This past spring Canadian realty prices leapt to a fevered peak that was far beyond historical norms of affordability or investment valuations in many areas. Since then prices have weakened pretty much all over and many are in shock. See: Toronto home buyers and sellers try to stay afloat in a rocky market:
“…buyers who purchased in the spring have become spooked by the decline in prices in the past few months. Tales of buyer’s remorse are common. Some buyers are trying to back out of deals or renegotiate. Mr. Rocca understands the predicament; he has clients who purchased a bungalow on a very good street with the intention of selling it again for a profit.
“They paid a big buck,” he says. “They paid $1.9-million. Now, that bungalow’s worth $1.6-million. It’s scary.”

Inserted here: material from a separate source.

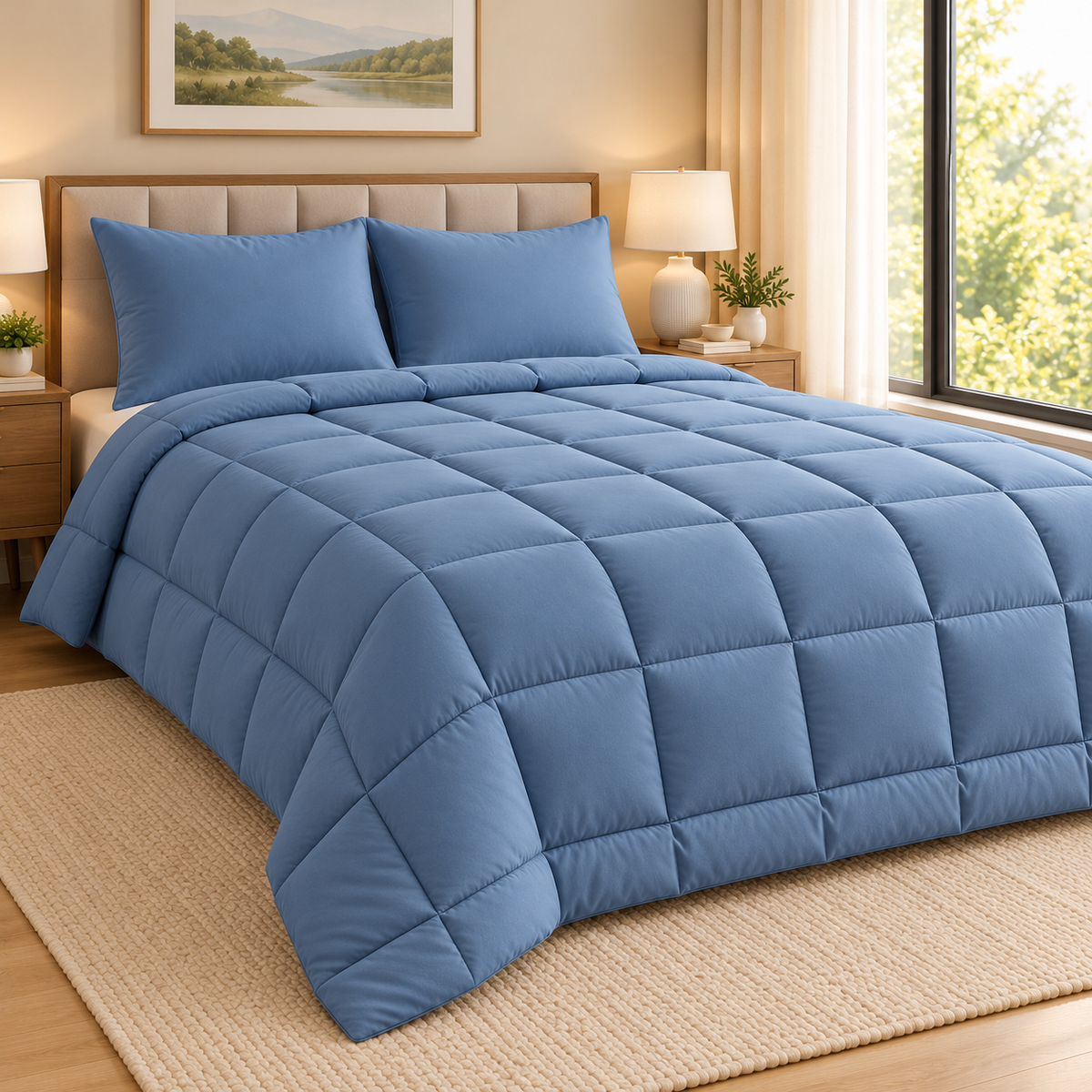 Dusty Blue Premium Dyed Razai – 1 Piece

Scary? Let’s do some math. If a buyer were funded enough to possess a conventional 20% down payment on 1.9 million, they needed 380K down and a mortgage of $1.520m to close. Five months later, a price decline of just over 15% has evaporated 79% of their notional equity, reducing it to 80K while still owing a mortgage of 1.520 million. And that’s if they did not borrow some of the down payment from relatives or other revolving credit.
And we have hardly even started into this mean reversion process. After leaping 40 or so percent between December 2016 and April 2017 to an average price of $1.455 million in the GTA, and giving back most of that since, average sale prices in the greater Toronto area in July were still $1.177m and some 12k higher than at the start of 2017. Year over year, many prices are not even negative yet.
But for the majority of households who were already paying more than 50% of their disposable income just to keep the roof over their heads, a 15 to 20% price decline is not manageable and has already wiped out their equity or put them in a position of owing more than the house is now worth. This makes refinancing or locking in to fixed rate mortgages very challenging already even without further price corrections or higher interest rates.
This is the math of paying too much. Whether it’s for investment securities, real estate or anything else that is supposed to hold value or appreciate over time. The price we pay locks in our return experience for years thereafter. A great many people are going to learn this lesson the hard way yet again in the months and years ahead.